The synth/goth/pop duo of Miracle, which consists of singer Daniel O’Sullivan(Ulver, Sunn O))), Guapo) and keyboardist Steve Moore(Zombi and of great film scores), mined early 80s alternative on their first album Mercury back in 2013. If you grew up pining for lost love listening to albums like This Mortal Coil’s Filigree & Shadow and Depeche Mode’s Music For The Masses, then Mercury hit a very particular nerve with you(as it did me.)
Legend has it that Zombi and Guapo toured together in 2006 and one evening Moore and O’Sullivan indulged in some psychotropic drugs. After communicating telepathically they decided to make music together. It took nearly 7 years, but they did find each other again and put out their debut in 2013(as well as switching from psychic connections to Verizon.) Over four years later Steve Moore and Daniel O’Sullivan have returned with their second Miracle album called The Strife Of Love In A Dream. It seems these two have gone back to capture that feeling of their psychotropic mind meld, as this record is far more experimental and out there than Mercury was. It still has all the vibes of those dance-y 80s Goth bands, but with a little more emphasis on spaced-out bliss.
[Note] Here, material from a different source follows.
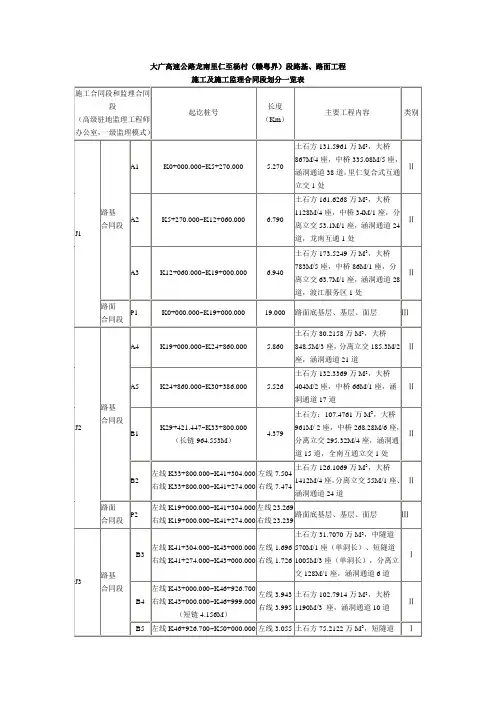 大广高速公路龙南里仁至杨村(赣粤界)段路基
The first thing to hit your ears is “The Parsifal Gate”. It’s an absolute galactic freak out of a track. There are some serious Zombi vibes as the song opens(much more than there ever was on that debut record.) O’Sullivan uses his baritone voice like some galactic being. He’s tapping into some Gregorian Chant vibes along with psychedelic overtones. The synth and drums push along hard like an Escape Velocity b-side. It’s a pretty out there track, but in the best way possible. “Light Mind” has a Depeche Mode vibe, but with Miracle’s twist on their sound. “Night Sides” changes things up considerably. Darkly lit with distant synths and rumbling percussion that sounds like it’s coming from some ancient cavern, O’Sullivan’s Sunn O))) chops come into good use here. This track is all distant lights, dystopian dreams, and LSD-prompted spiritual journeys. “Sulfer” has the sound of some lost 80s soundtrack theme. Moore keeps things moodier when scoring films, so hearing something as wistful as this is a welcomed change. Of course his Zombi pal/drummer extraordinaire A.E. Paterra does a tasteful job on the percussion side.
The thing that strikes me about The Strife Of Love In A Dream is that it feels so open to new ideas. Miracle could’ve easily come back with another Depeche Mode-loving LP and I’d a been happy with that. But instead of doing something familiar and safe Moore and O’Sullivan took four years to create something unique, adventurous, and at times out there. Tracks like “The Seventeen Nineties” , “Dreamours” and album closer “Angelix” aren’t safe bets. They’re expanding on the familiar and making something new and exciting.
Miracle have made a solid follow up to a solid debut. The Strife Of Love In A Dream captures the best of early 80s synth pop and pushes it into new artistic directions. Steve Moore and Daniel O’Sullivan seem to have locked in together psychically once again. This time no psychotropics required. I mean, unless you want ’em. I’m not judging.